What a theory of culture can learn from semiotics, in particular structuralist semantics is how meaning units, especially verbal ones, are organized. We understand words carry no meaning in themselves, but only denote something because there are other words which denote different concepts. The meaning of the word 'dog' is not conveyed when we look at a specific animal, but when we are aware there is a series of other designations of animals which entirely do not fall under the concept of a dog. So in the end the meaning of the word dog is it does not designate a cat, a solitary cell or a slug.
This principle has also been discovered by second order cybernetics talking about the re-entry of a form into a form. A form consists accordingly to that view of two sides - a marked one and an unmarked one. The marked space suggests to be all-comprising even though is merely leaves the unmarked, but implied space concealed. That is why we think a dog is a dog, because it is a dog, not because it is not a rhinoceros, a locust or a brimstone.
These trivial observations are nonetheless interesting, for they are rarely reflected upon. The 'logic of distinction' establishes no revolutionarily new perspective but informs us that we cannot observe how we observe when we observe - when observing we cannot observe observation. And this kind of managing semantic distinction becomes most interesting when we do not distinguish a single term but a pair of terms - mostly one which establishes an opposition. Assuming we observe the opposition 'beautiful - ugly'; in that case we do not only distinguish that opposition as a whole (beautiful - ugly as opposed to lazy - diligent, stupid - bright, e.g.), but also, what is even more interesting, the handling of a borderline within that pair of terms. And now the question arises as to how long can we attribute a thing to the one side, let us say the beautiful, until it will cross the line leading to the realm of ugliness? In other words: how are the semantic transitions organized? What about grey tones, presupposing we do not conceive black and white as totally detached ('manichaic') oppositions but assume there are transition steps, bilateral approximations to that line?
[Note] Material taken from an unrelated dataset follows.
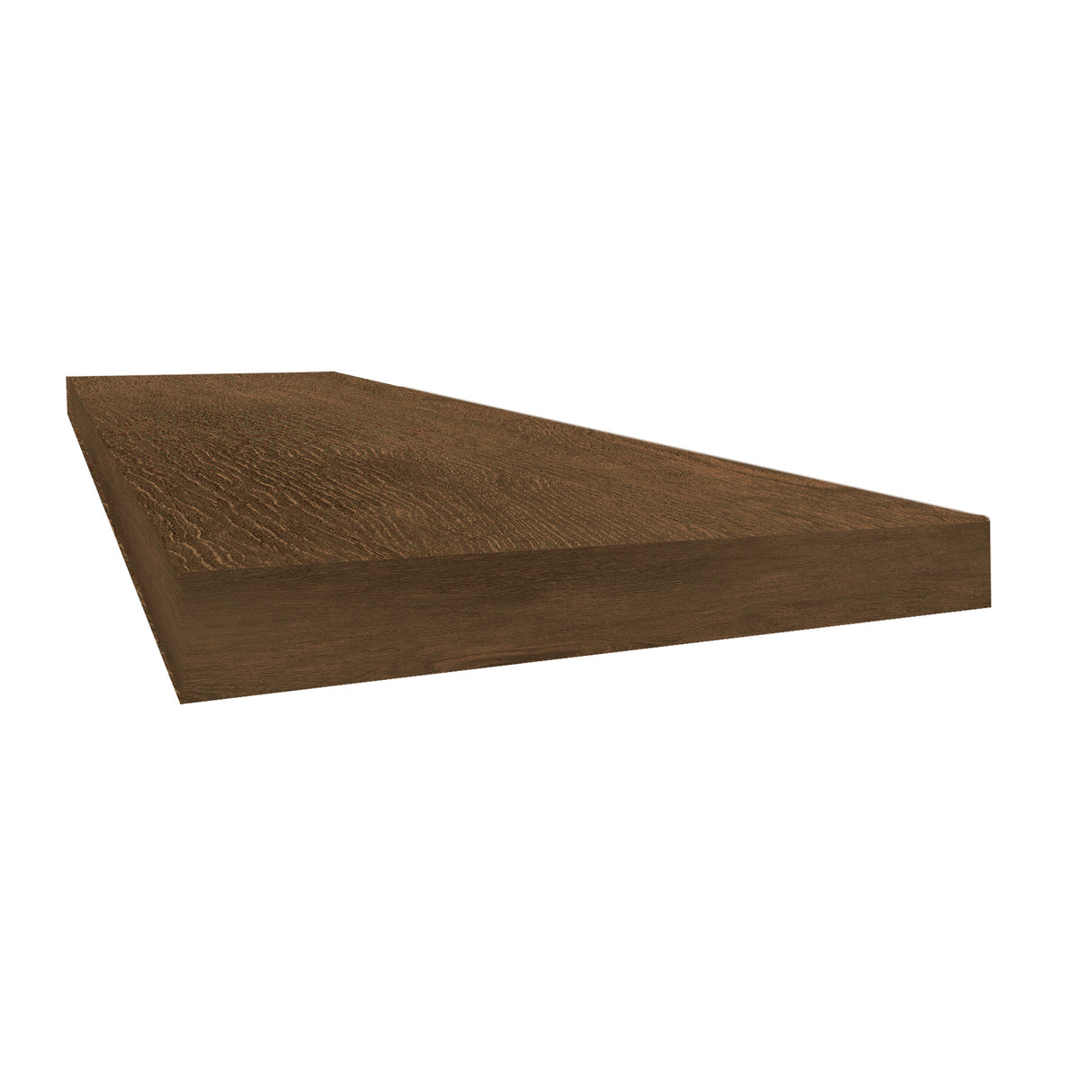 CoreLuxe Parker Peak Walnut 48" Square Retrofit Tread with Return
Empirical market research has primarily tackled this question and developed a demoscopic means with which to measure evaluations in a scalar way. A frame of notions is bent between two oppositions, each representing an extreme value. The specific single case is placed within that semantic continuum. This is called Semantic Differential and should be known to unsuspected pedestrians who have ever taken part in a poll. They are asked for an evaluation - be ist of a politician, of the general situation, of a political party, of the fruit quota of a yoghurt or what ever. To that means they will be presented with a scale whose two extreme points are occupied by values such as 'active' or 'do fully agree' on the one side, 'passive' or 'do not agree at all' on the other one. These values are linked with figures ranging, say, between 0 and 7. The indivudual answers to each question will be put in a series, thus generating a profile of opinion.
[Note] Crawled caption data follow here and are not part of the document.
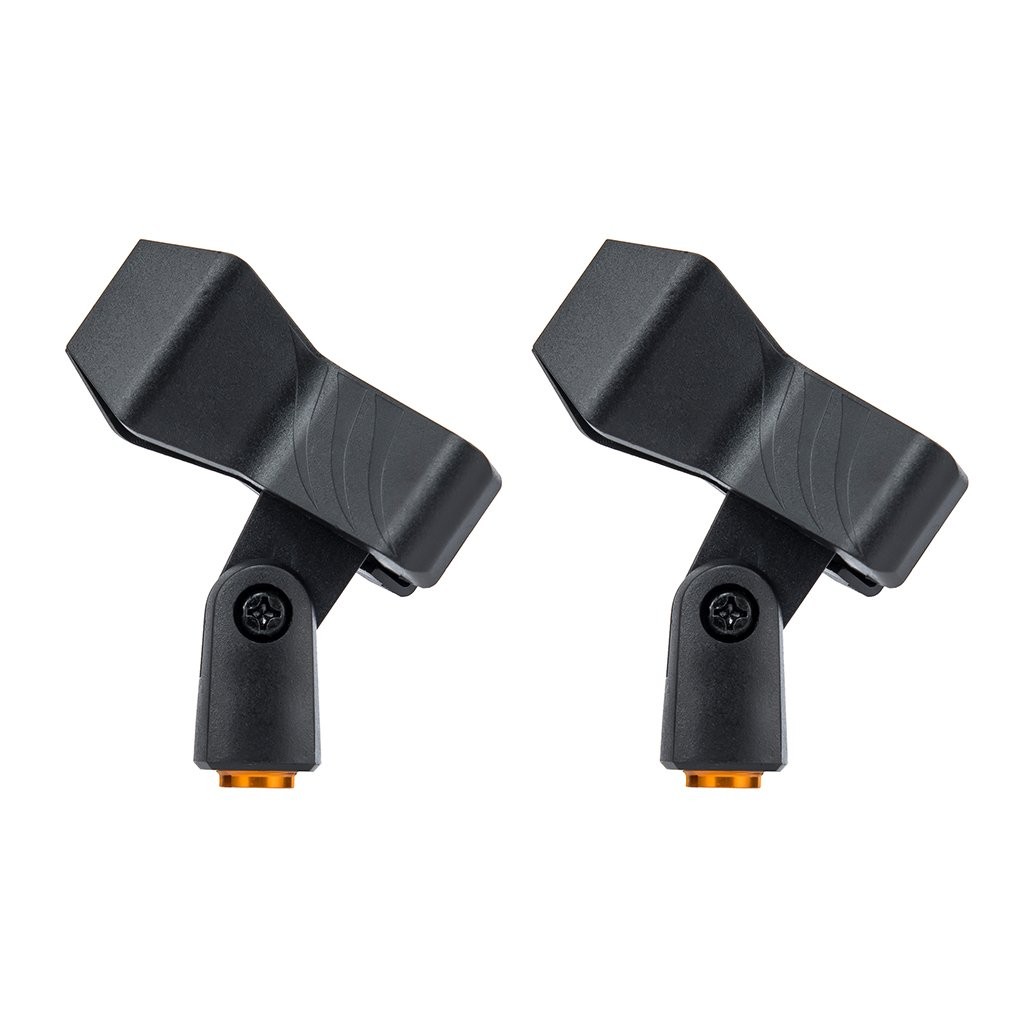 2-Pack Spring-Loaded Microphone Clips for Most Handheld Transmitters Less Tha...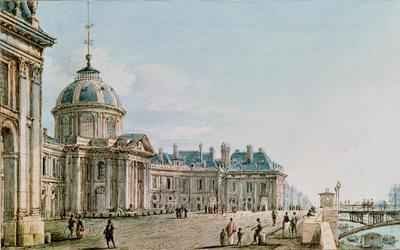 View of the College des Quatre Nations Paris .1810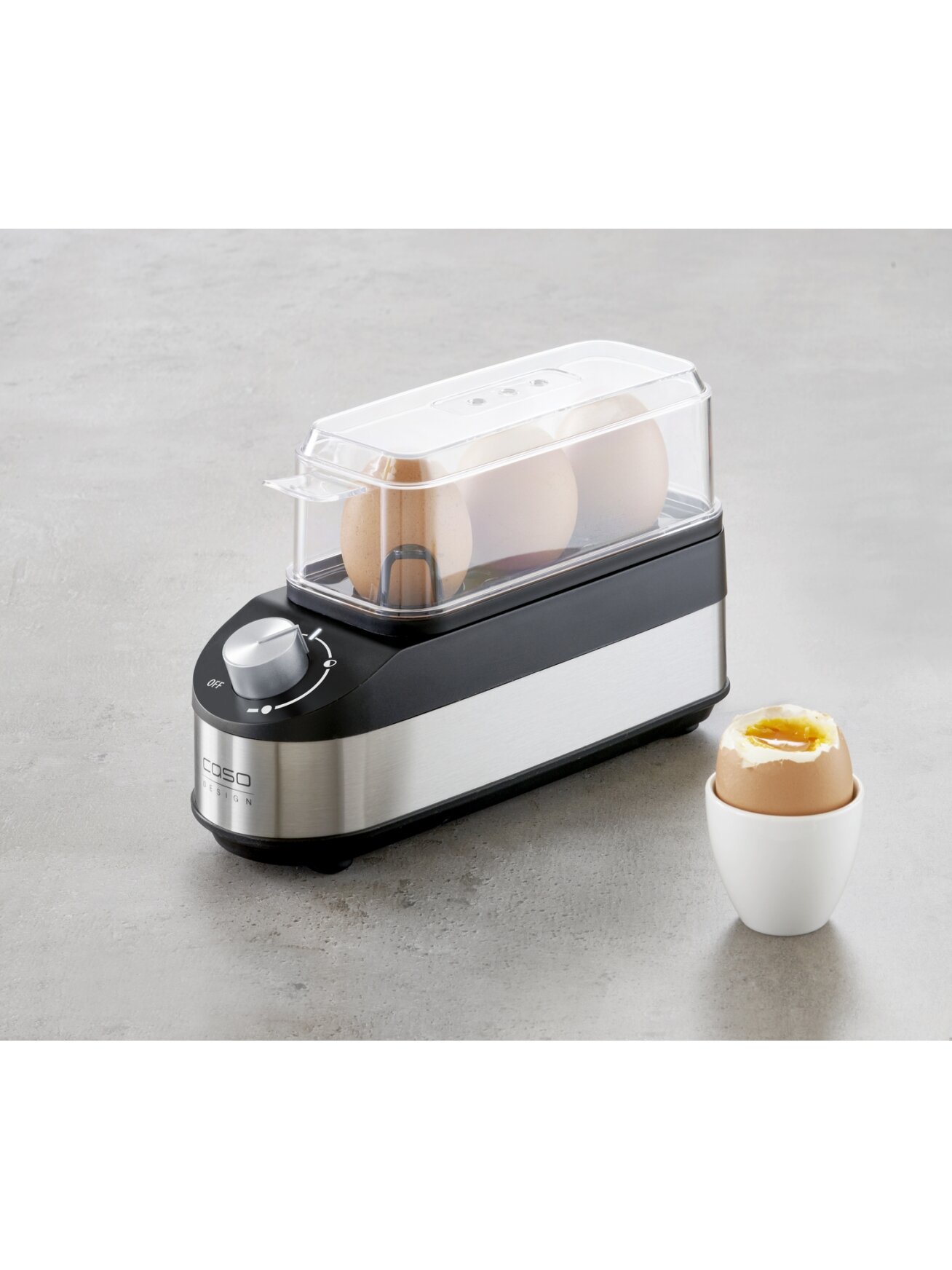 Caso | Egg Cooker | E3 | Black/Stainless Steel | 210 W 3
As can be clearly seen, it is the middle values which are the least spectacular, but the most crucial. After all: it is quite easy to find out if someone is a gifted football player, vocalist or head of a party or a total failure. However, what exactly makes the difference between three and four points? Where exactly is the separation line of the mean value? The answer to that question is backed by no reason at all - apart from volition. We might borrow Wittgenstein's saying that there is no line - we must draw it on our own. (This might be a modest indication to all those who think fuzzy logic is only revolutionary because they have never been concerned with a criticism of language.
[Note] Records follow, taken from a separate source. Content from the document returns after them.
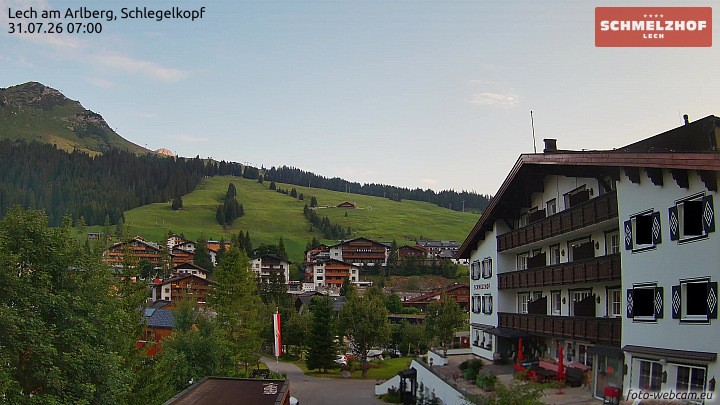 Archiv Foto Webcam Lech: Hotel Schmelzhof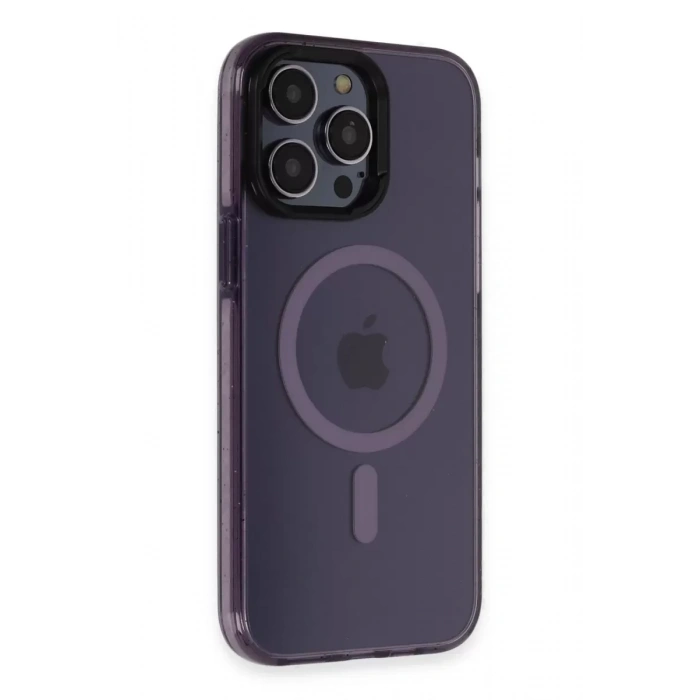 Apple iPhone 14 Pro Max Kılıf Tigra Magsafe Kapak - Derin Mor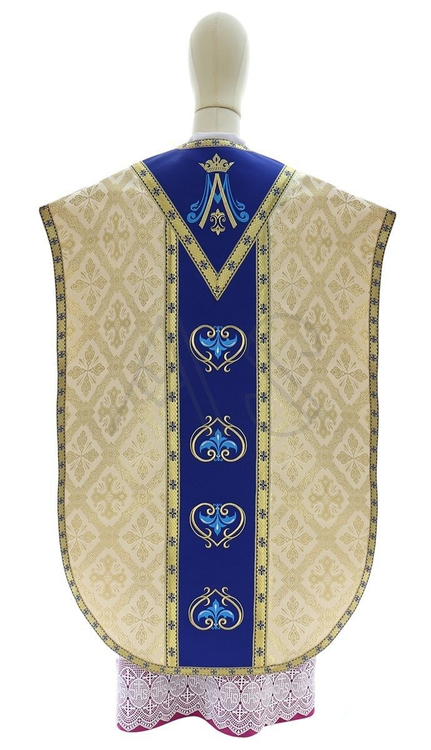 Chasuble en soie "Saint Philippe Neri" F766-KN50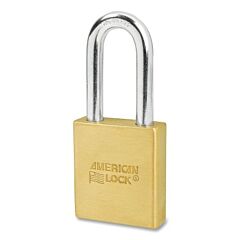 American Lock A3701 Solid Brass Padlock, 3/8 In Dia, 2 In L, 3/4 In W, Keyed Different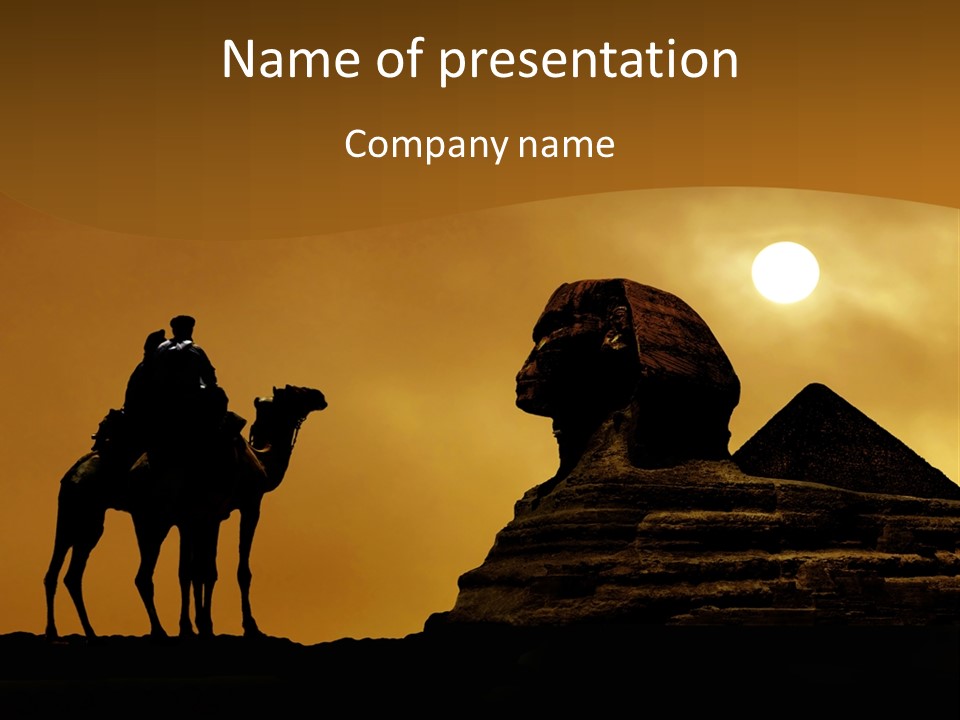 Wind Mummy Egypt PowerPoint Template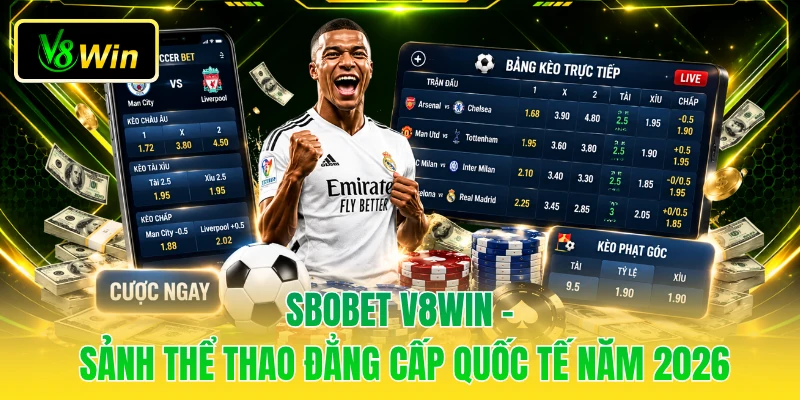 Sbobet V8WIN - Sảnh Thể Thao Đẳng Cấp Quốc Tế Năm 2026 1 Sbobet V8WIN - Sảnh Thể Thao Đẳng Cấp Quốc Tế Năm 2026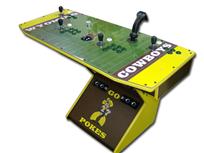 234 4-player, green buttons, sports, cowboys, wyoming, yellow, gtron joystick, spinner, green trackball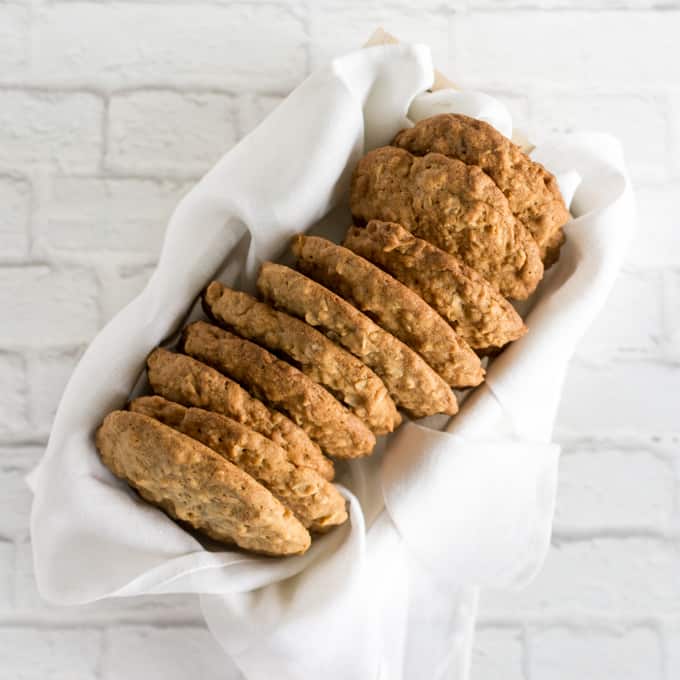 giant oatmeal granola cookies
The value attribution has of course some effects - not only upon the evaluation object, but also on the evaluator him- or herself. For one thing, our attention is often drawn to the relevance of the evaluation by being asked to evaluate at all. For another, the variety of opinions involves one's own estimation somehow competes with others'. And sometimes we can only cope with a difference of extimations by regarding the others as ignorant or feeling induced to distinguish the public from the published values. In that case one likes to belong to the silent majority’s talking minority What does some damage to the air of exact quantity to the entire business is the way the opposition pairs establishing the differential are selected. Does a politician count as undecided in the same way if the researcher chooses careless or deliberative as oppsition terms? And is it really sufficient to inform the public only about the form side of the representative poll values? The attribute will be communicated, but not the context, the scope within the estimation reveals itself. This way the evaluation with all its consequences resembles a photograph; maybe endowed with an exemplary depth of focus, the highest possible precision which only makes us aware a photograph is just a model, a cut from a panorama whose motive is exclusively due to the respective perspective of the person who takes the picture.
Conclusively, this text calmly awaits the 0 on the evaluation scale - providing 0 denotes quite stimulating, 7 entirely stupid.